Agri Kultuur September / September 2016 - Page 40

Reshnee Lalla South African National Biodiversity Institutes’ Invasive Species Programme (ISP)* with inputs from Lorraine Strathie Agricultural Research Council-Plant Protection Research Institute (ARC-PRRI) P arthenium hysterophorus (locally called Famine Weed, Parthenium, Demoina Weed and Umbulalazwe), is an annual herbaceous plant. Famine Weed has invaded the northern and eastern regions of South Africa and many countries along the eastern seaboard of Africa and is also a widespread invader in Asia and Australia. It spreads at a rapid rate due to several factors including climatic suitability, prolific seed production, and the unintentional facilitation of seed spread via vehicles, machinery, water, animals and various other human-related activities.
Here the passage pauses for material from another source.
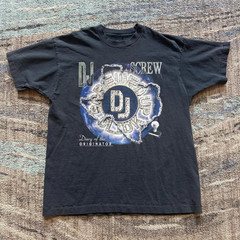 DJ Screw Diary Of The Originator T-Shirt Vintage 90s Houston Rap Black Unisex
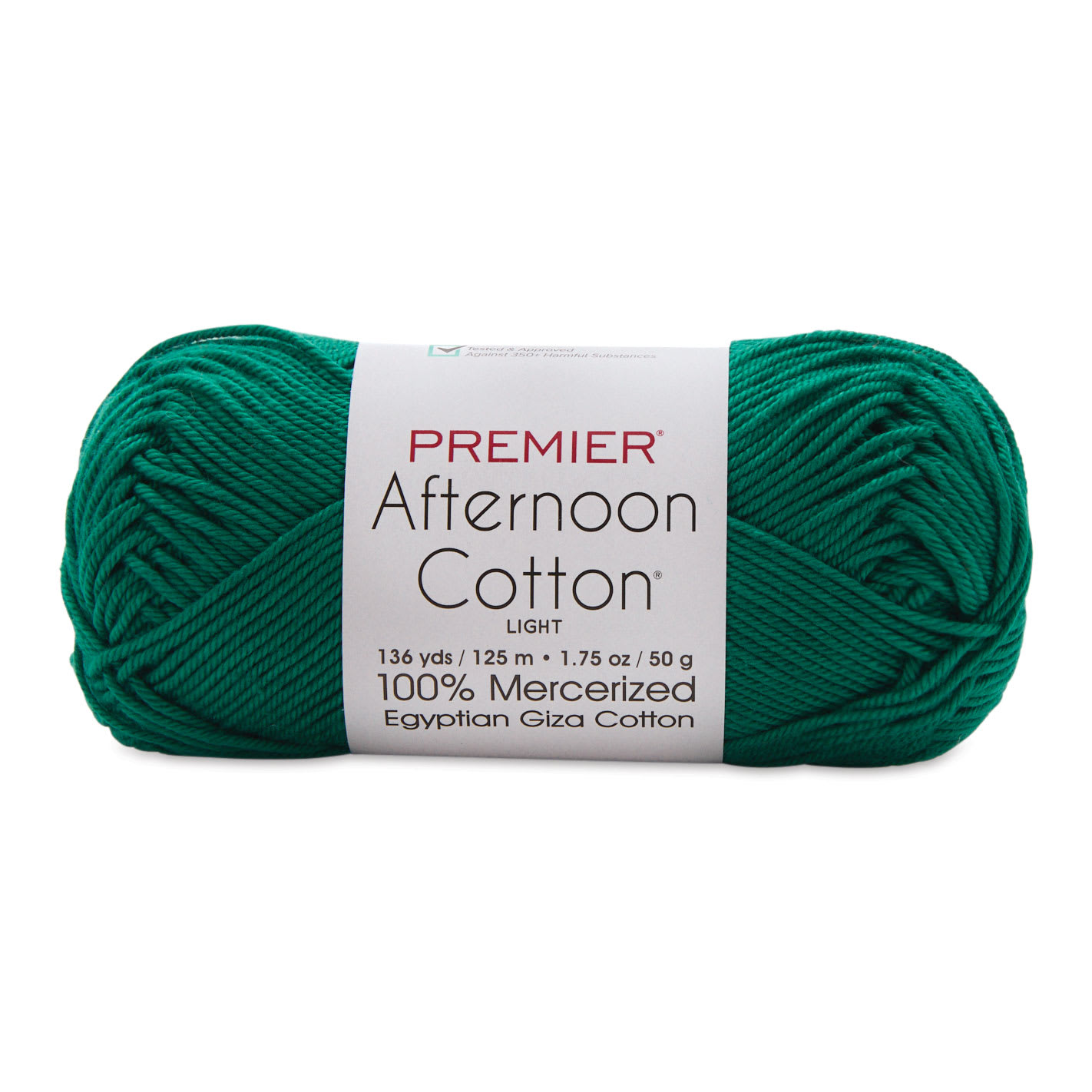 Premier Yarn Afternoon Cotton Yarn - Sea Green, skein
Parthenium hysterophorus causes a range of impacts, from human and animal health effects to biodiversity loss, and massively reduces animal and crop agricultural production. It causes severe economic losses in many areas where it has invaded around the world, impacting in particular on the livelihoods of subsistence farmers and rural communities. Health complications may arise from the allergic reactions displayed by many people who have frequent exposure to the plant. South Africa has realized the severity of Famine Weed and in 2014 produced the National Strategy for the Management of Famine Weed, and an associated National Implementation Plan to facilitate coordinated management of this species at national, regional and local levels (accessible at www.issa.org.za). Chemical control is being used to reduce the spread, by targeting outlier populations. However, the main effort is going into biological control to reduce the species’ invasive potential in the long term. As budget is limited and the control teams dealing with Famine Weed in outlying areas often need to travel long distances to spray these outliers, the correct identification of the plant is critical. Due to occasional confusion with plants of the closely related Ambrosia genus also present in South Africa, a basic Identification guide to distinguish Famine Weed from Ambrosia species (especially when plants are very young and not yet flowering) was developed.